What to produce
Below are some records. Return exactly the lines from the one containing "Certified 2023 Ford" through the one containing "194 Dunlop Street E Property Photo 28", both included, and only those.

Records for processing
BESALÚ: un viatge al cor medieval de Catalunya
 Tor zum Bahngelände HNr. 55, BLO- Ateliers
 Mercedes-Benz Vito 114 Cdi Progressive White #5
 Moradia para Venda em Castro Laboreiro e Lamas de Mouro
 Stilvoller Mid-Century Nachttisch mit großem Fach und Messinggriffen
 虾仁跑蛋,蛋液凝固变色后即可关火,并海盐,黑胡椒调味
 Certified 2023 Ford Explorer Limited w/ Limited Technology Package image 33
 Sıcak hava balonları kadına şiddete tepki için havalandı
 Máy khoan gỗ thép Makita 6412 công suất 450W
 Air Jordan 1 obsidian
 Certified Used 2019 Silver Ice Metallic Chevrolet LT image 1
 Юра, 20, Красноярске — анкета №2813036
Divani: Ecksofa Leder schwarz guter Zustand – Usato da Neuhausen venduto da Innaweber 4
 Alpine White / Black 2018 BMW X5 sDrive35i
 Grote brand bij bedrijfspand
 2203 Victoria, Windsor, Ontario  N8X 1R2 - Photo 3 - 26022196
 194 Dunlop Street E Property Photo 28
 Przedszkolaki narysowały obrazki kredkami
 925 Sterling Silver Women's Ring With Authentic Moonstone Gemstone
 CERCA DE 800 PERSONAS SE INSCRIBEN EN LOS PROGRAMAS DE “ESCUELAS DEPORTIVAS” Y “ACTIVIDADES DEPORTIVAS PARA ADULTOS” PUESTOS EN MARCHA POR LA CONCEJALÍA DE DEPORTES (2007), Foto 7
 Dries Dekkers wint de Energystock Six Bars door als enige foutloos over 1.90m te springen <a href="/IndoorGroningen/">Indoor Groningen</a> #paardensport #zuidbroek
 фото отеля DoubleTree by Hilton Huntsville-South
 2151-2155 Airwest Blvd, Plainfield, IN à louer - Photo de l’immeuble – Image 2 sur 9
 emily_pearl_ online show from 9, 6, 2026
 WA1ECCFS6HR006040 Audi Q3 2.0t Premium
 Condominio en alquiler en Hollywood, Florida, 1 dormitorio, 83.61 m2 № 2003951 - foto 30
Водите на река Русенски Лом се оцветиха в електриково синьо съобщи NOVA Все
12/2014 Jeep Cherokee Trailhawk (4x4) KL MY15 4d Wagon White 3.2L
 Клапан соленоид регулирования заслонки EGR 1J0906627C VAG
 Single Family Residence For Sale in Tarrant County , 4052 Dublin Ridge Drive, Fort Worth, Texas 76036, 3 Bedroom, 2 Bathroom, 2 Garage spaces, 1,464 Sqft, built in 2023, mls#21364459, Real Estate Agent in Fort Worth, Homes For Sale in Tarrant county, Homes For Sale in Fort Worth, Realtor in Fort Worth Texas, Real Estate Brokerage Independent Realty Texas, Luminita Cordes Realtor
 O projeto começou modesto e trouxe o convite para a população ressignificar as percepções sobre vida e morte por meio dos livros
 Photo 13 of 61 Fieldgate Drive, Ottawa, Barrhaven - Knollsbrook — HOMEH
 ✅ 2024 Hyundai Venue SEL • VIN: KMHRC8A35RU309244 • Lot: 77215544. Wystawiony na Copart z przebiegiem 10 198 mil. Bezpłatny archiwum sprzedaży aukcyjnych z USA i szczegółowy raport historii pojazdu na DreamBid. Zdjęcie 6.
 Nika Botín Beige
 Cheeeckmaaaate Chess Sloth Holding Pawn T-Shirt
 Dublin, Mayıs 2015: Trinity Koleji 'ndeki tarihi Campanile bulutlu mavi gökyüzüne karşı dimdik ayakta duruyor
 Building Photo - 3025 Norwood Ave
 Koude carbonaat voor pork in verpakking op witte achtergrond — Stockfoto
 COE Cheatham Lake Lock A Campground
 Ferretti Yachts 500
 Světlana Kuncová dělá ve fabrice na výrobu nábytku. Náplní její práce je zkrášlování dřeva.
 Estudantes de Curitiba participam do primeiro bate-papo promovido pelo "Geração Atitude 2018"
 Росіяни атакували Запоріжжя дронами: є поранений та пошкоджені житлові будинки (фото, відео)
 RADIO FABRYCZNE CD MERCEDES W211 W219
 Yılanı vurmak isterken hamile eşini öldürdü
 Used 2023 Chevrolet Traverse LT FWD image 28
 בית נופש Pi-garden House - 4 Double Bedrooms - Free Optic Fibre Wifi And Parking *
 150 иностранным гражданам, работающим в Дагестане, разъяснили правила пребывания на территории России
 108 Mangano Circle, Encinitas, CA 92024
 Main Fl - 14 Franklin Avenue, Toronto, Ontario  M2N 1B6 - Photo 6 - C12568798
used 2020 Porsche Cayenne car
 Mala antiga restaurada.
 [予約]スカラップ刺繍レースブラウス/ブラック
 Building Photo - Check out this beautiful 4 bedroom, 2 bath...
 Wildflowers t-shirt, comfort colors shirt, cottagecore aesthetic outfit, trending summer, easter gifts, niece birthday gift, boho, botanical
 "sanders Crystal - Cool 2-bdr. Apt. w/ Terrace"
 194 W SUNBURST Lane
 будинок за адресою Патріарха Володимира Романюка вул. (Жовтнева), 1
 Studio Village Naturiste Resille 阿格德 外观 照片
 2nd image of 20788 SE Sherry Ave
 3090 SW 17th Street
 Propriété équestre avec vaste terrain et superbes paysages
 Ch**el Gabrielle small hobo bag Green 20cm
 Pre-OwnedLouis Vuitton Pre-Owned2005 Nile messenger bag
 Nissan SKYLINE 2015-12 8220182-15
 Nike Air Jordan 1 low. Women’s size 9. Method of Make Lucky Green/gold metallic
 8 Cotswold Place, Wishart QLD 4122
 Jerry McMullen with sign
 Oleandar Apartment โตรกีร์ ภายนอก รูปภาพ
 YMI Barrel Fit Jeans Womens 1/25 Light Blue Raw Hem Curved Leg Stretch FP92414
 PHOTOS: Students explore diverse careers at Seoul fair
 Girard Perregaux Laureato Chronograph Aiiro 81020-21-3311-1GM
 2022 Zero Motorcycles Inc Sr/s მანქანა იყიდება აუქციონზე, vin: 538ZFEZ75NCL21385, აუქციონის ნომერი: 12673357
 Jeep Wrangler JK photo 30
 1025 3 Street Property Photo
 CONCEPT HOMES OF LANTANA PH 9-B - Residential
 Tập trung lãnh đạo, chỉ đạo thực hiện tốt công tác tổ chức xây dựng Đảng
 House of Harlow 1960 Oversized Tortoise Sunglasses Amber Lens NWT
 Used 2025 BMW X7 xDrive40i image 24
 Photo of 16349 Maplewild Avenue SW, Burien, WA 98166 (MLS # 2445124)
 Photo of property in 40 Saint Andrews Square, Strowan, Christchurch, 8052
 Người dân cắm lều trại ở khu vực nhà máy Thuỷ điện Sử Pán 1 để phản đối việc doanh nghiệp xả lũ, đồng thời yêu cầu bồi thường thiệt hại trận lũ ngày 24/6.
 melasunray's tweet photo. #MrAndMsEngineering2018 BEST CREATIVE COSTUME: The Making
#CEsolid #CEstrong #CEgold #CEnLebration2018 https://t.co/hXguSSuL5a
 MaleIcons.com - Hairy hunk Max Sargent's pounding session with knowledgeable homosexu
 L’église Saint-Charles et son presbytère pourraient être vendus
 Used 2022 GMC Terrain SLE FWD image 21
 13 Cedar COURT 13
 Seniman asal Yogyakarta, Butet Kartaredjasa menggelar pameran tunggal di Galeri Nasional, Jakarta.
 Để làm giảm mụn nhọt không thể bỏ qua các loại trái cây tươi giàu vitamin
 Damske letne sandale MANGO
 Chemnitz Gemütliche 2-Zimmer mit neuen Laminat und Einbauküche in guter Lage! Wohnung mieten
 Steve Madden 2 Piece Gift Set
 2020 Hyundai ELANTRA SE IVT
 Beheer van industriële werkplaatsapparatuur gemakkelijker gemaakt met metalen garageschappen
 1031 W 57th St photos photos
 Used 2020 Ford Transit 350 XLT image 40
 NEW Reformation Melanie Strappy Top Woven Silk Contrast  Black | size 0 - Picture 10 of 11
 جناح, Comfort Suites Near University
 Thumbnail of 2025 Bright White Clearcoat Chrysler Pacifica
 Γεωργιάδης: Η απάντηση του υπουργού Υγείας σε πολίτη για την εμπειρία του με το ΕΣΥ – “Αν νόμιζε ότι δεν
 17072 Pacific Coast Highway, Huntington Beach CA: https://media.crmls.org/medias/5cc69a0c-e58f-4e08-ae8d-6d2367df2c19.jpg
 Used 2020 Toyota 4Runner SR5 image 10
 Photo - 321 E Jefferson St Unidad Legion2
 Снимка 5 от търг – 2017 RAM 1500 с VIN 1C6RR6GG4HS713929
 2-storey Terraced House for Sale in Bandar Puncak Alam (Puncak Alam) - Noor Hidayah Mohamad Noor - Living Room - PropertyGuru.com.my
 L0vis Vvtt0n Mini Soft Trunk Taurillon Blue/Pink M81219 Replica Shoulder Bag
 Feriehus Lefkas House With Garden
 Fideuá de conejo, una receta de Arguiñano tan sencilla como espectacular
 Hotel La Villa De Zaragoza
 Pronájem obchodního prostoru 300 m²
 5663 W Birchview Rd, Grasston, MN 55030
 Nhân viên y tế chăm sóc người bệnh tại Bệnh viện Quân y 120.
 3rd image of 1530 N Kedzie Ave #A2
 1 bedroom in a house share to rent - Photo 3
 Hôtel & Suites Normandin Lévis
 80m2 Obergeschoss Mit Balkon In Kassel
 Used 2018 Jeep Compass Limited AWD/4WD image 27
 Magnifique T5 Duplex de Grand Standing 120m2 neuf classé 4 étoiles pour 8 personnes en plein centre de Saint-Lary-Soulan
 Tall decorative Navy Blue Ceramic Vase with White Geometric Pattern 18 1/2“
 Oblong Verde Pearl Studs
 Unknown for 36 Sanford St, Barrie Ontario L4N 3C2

Solved exercise
 Certified 2023 Ford Explorer Limited w/ Limited Technology Package image 33
 Sıcak hava balonları kadına şiddete tepki için havalandı
 Máy khoan gỗ thép Makita 6412 công suất 450W
 Air Jordan 1 obsidian
 Certified Used 2019 Silver Ice Metallic Chevrolet LT image 1
 Юра, 20, Красноярске — анкета №2813036
Divani: Ecksofa Leder schwarz guter Zustand – Usato da Neuhausen venduto da Innaweber 4
 Alpine White / Black 2018 BMW X5 sDrive35i
 Grote brand bij bedrijfspand
 2203 Victoria, Windsor, Ontario  N8X 1R2 - Photo 3 - 26022196
 194 Dunlop Street E Property Photo 28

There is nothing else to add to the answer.